In [1]:
import numpy as np
import pandas as pd
import matplotlib.pyplot as plt
import seaborn as sns
sns.set(style='darkgrid')

from utils import scatter_plot

%load_ext autoreload
%autoreload 2

In [4]:
ifmha = pd.read_csv('./dataset/IFMHA.csv', converters={'site_no': str}, low_memory=False)
ifmha.shape

(2802532, 47)

In [7]:
# Remove Zero/Missing Values
candidate_columns=['site_no', 'site_tp_cd', 'chan_discharge', 'chan_area', 'chan_width', 'SLOPE']

ifmha_subset = ifmha[(ifmha[candidate_columns] != 0).all(axis=1)]
ifmha_subset = ifmha_subset.dropna(axis=0, how='any', subset=candidate_columns)
print(f"dataset size: {ifmha_subset.shape}")

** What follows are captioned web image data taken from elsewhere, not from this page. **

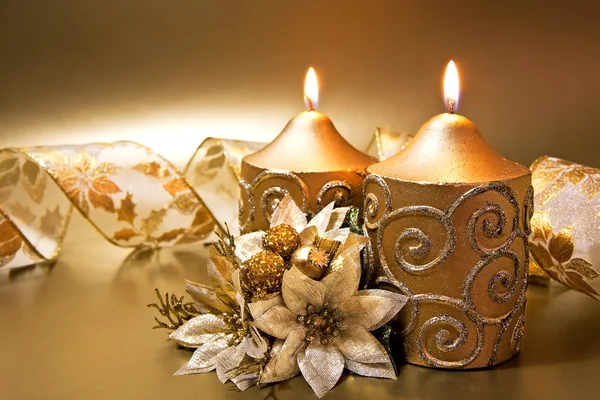 Christmas decoration with candles and ribbon — Stock Photo, Image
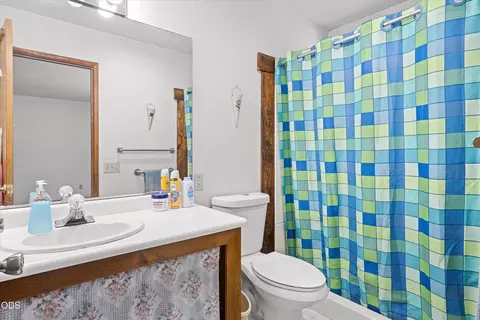 Bath - 1934 Laurel Rd, Cave Junction, OR 97523 photo 2 of 2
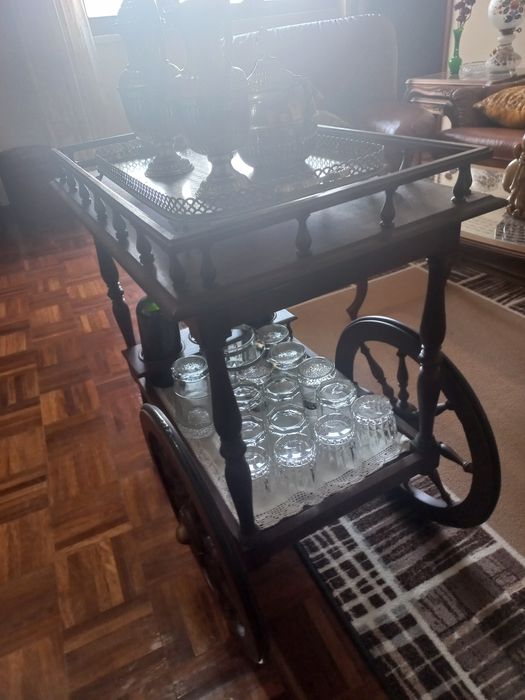 Carrinho bar em madeira vintage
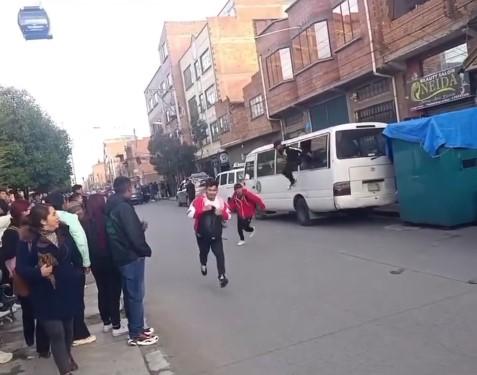 Jóvenes escapan por la ventana de un vehículo y logran evadir controles de la policía e intendencia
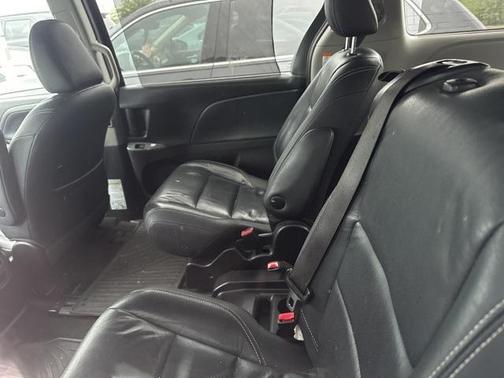 2017 Toyota Sienna SE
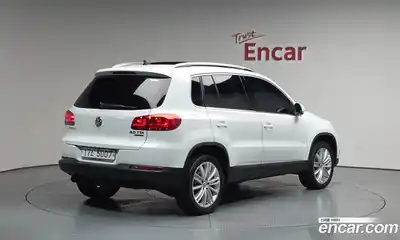 Volkswagen Tiguan 2014 2.0 автомат (гидро), миниатюра 2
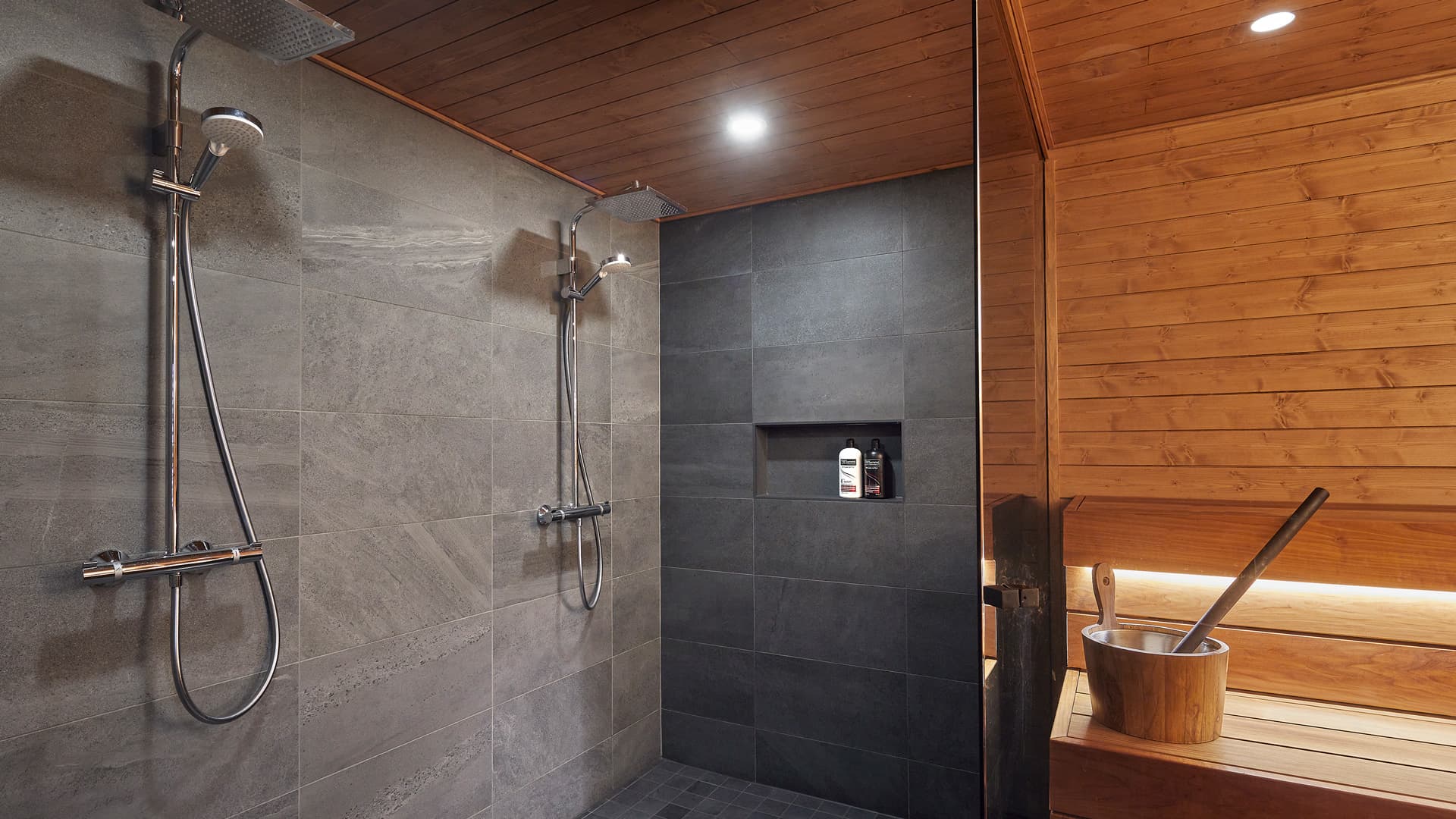 Experiences of living in a log home: the bathroom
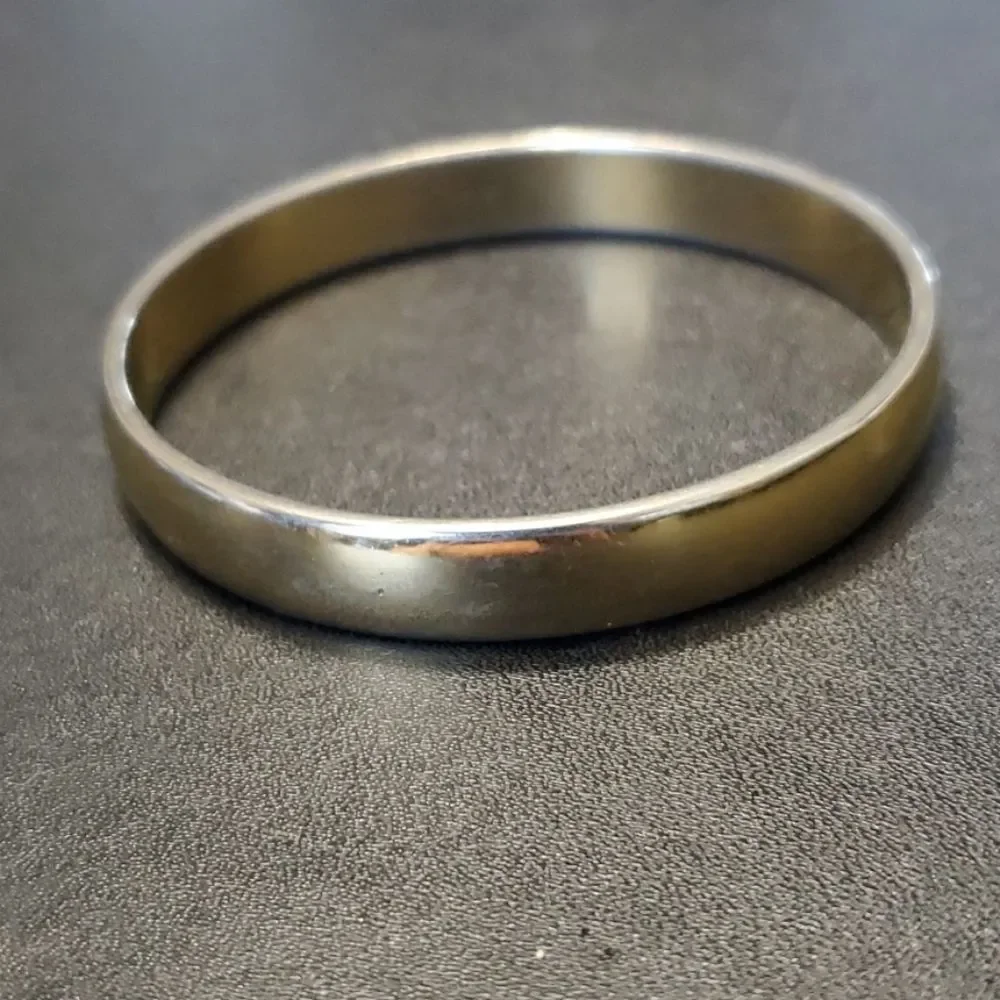Monet gold tone bangle bracelet 7.75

dataset size: (2248655, 47)


In [8]:
# Exclude USGS sites with negative discharge observations
ifmha_subset = ifmha_subset[ifmha_subset.groupby('site_no')['chan_discharge'].transform(lambda x: (x<0).sum()) == 0]
ifmha_subset.shape

(2107954, 47)

In [9]:
# Keep only sites categorized as channels or streams
ifmha_subset = ifmha_subset[ifmha_subset['site_tp_cd'].isin(['ST'])]
print(ifmha_subset.shape)

(2093881, 47)


In [10]:
# Mean depth estimation
ifmha_subset['chan_mean_depth'] = ifmha_subset['chan_area']/ifmha_subset['chan_width']

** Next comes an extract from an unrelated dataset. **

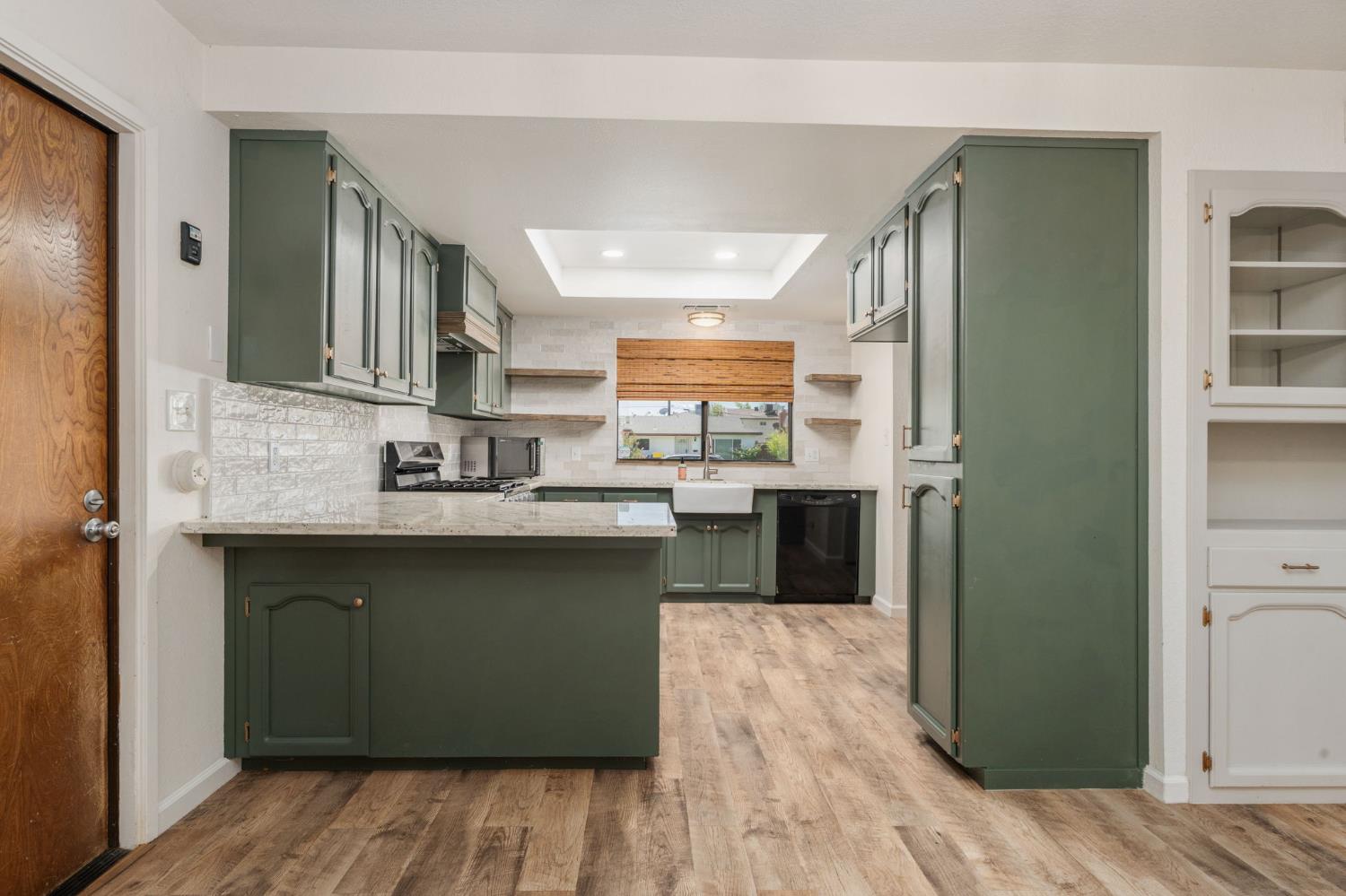 2212 Goldridge St, Selma, CA 93662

# Maximum depth estimation
ifmha_subset['chan_max_depth'] = 1.47910570 * ifmha_subset['chan_mean_depth'] - 0.02600691

In [12]:
# Sanity check for having physically meaningful channel characteristics
ifmha_subset = ifmha_subset[(ifmha_subset[['chan_area', 'chan_mean_depth', 'chan_max_depth']] > 0).all(axis=1)]
print(ifmha_subset.shape)

(2093328, 49)